Unfortunately, every hint apart from 0 seems to cause MWAIT to not wait for the NMI, but to wake up on its' own after 3-4 ms. As far as I understand the documentation, the Power Management hints should not have any impact on when execution is continued after the MWAIT, so this is quite strange. And since I still haven't made any progress even after spending a few hours on this problem, I thought maybe someone here has some idea what is going on!
Here is how I use MONITOR/MWAIT in my code:
volatile int dummy;
void do_mwait() {
asm volatile("monitor;" ::"a"(&dummy), "c"(0), "d"(0));
asm volatile("mwait;" ::"a"(0x10), "c"(0));
}
This is obviously just a small excerpt of the Linux kernel module I've written, but should contain all the important points.
dummy
is a variable that is never used outside of what you can see here. It only exists so that I have a valid address to pass to monitor.
do_mwait()
is the function that gets executed on every core available while I do my measurements.
As I said, just exchanging the 0x10
in the second line of do_mwait()
with 0
makes it work the way I expect.
Because the behaviour and supported features of MONITOR/MWAIT depend on the specific CPU model, here are all the relevant (I think) parts of cpuid on my test machine. As far as I see, all necessary features should be supported:
CPU 0:
vendor_id = "GenuineIntel"
version information (1/eax):
processor type = primary processor (0)
family = 0x6 (6)
model = 0xc (12)
stepping id = 0x3 (3)
extended family = 0x0 (0)
extended model = 0x3 (3)
(family synth) = 0x6 (6)
(model synth) = 0x3c (60)
(simple synth) = Intel Core (unknown type) (Haswell C0) {Haswell}, 22nm
...
feature information (1/ecx):
...
MONITOR/MWAIT = true
...
...
MONITOR/MWAIT (5):
smallest monitor-line size (bytes) = 0x40 (64)
largest monitor-line size (bytes) = 0x40 (64)
enum of Monitor-MWAIT exts supported = true
supports intrs as break-event for MWAIT = true
number of C0 sub C-states using MWAIT = 0x0 (0)
number of C1 sub C-states using MWAIT = 0x2 (2)
number of C2 sub C-states using MWAIT = 0x1 (1)
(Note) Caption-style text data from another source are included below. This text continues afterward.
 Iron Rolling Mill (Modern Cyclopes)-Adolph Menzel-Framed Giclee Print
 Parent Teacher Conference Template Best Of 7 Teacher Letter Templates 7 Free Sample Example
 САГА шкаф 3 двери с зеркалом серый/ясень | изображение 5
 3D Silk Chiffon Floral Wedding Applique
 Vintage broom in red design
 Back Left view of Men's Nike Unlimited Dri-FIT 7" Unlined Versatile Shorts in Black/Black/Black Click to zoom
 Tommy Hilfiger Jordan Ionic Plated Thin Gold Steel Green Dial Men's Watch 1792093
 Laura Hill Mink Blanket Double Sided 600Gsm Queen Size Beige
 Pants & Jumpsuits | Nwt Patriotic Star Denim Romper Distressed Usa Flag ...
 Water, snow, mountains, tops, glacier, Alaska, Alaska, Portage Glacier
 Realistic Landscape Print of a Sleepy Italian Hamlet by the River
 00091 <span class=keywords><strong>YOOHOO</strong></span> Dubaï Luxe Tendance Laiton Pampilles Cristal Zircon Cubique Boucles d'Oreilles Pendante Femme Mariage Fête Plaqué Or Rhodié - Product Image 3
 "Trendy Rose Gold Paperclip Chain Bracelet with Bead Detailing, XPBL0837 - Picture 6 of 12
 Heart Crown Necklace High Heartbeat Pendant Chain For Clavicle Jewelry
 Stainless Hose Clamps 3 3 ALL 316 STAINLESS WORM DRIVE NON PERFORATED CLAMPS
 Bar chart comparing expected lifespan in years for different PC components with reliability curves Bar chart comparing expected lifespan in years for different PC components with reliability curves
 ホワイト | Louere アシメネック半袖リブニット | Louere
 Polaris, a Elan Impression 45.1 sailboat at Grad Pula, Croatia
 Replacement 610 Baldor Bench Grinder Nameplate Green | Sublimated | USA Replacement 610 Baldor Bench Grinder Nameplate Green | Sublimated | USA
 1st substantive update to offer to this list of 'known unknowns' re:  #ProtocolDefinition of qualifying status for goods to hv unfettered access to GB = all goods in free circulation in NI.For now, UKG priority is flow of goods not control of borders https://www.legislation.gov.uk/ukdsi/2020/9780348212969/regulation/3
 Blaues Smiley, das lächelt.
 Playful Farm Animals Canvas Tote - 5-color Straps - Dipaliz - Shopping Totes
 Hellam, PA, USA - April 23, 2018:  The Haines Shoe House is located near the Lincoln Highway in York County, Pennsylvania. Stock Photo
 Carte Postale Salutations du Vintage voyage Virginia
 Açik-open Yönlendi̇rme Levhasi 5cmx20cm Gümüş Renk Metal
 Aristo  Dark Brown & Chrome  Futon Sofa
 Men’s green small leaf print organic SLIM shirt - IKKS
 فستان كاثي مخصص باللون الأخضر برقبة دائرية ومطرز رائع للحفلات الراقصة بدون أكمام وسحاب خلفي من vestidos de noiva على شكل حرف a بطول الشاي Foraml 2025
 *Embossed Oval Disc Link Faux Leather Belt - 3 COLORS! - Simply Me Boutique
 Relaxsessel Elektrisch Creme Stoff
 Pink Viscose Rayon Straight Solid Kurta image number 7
number of C3 sub C-states using MWAIT = 0x2 (2)
number of C4 sub C-states using MWAIT = 0x4 (4)
number of C5 sub C-states using MWAIT = 0x0 (0)
number of C6 sub C-states using MWAIT = 0x0 (0)
number of C7 sub C-states using MWAIT = 0x0 (0)
...
brand = "Intel(R) Core(TM) i7-4790 CPU @ 3.60GHz"
...
I hope this is enough context. Please tell me if I need to share additional information. And thanks in advance for any input, even if it's just an (educated) guess!